À l’utilisation, la Ensemble s’est révélée très agréable, avec ses deux beaux écrans, ses potards crantés, ses boutons de sélection d’entrée et ses 4 boutons paramétrables. Les deux sorties casques indépendantes, les deux entrées et sorties instruments et le micro intégré pour le Talkback sont très pratiques et restent de sérieux atouts. Rien à redire non plus du côté des entrées/sorties, c’est très complet, et le logiciel Maestro 2 fait simplement et honnêtement son travail. Il est à rajouter que la Ensemble peut gérer simplement jusqu’à trois paires d’enceintes de monitoring via les boutons assignables.

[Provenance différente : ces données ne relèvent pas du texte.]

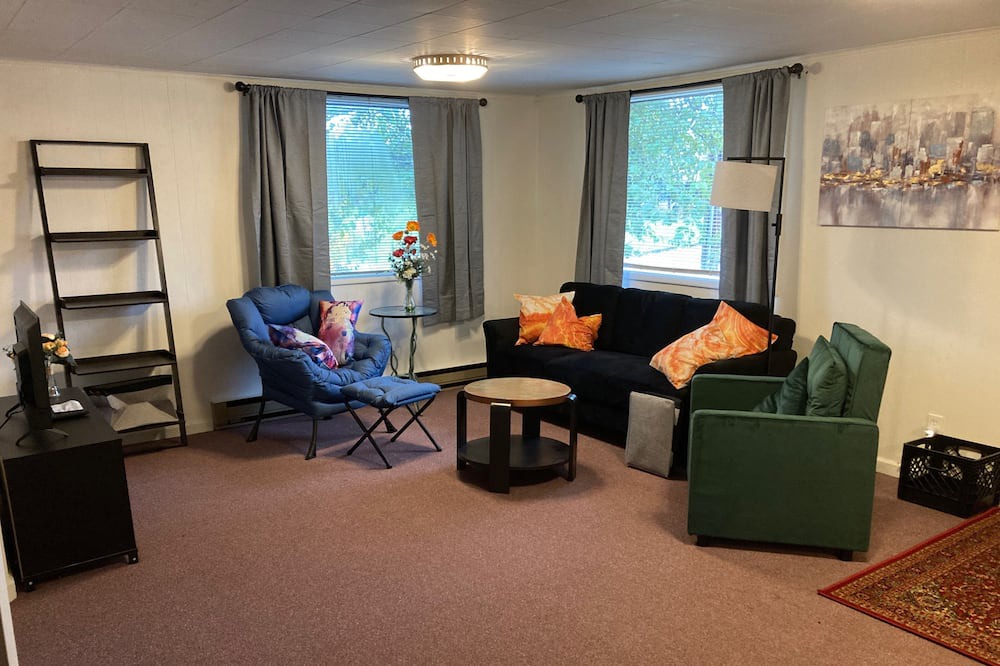 Aberdeen Condo | Cosmopolis. Forest Hill 2 BR Get-Away.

Il ne reste plus qu’à faire les benchmarks.
Benchmarks
Nous avons réglé la mémoire tampon au minimum (32 échantillons) afin d’obtenir la meilleure latence : 1,81 ms en entrée et 1,77 ms en sortie (en 44,1 kHz). Ces résultats sont excellents et légèrement en dessous des dernières grosses interfaces USB que nous avons testées (la RME 802 et la Zen Studio). Vous devriez donc pouvoir utiliser vos plug-ins favoris lors des enregistrements sans ressentir le moindre décalage.
Afin de tester l’interface, nous avons fait des benchmarks avec notre APX-515 d’Audio Precision, et nous allons pouvoir comparer les résultats à ceux obtenus avec les interfaces que nous avons précédemment testées.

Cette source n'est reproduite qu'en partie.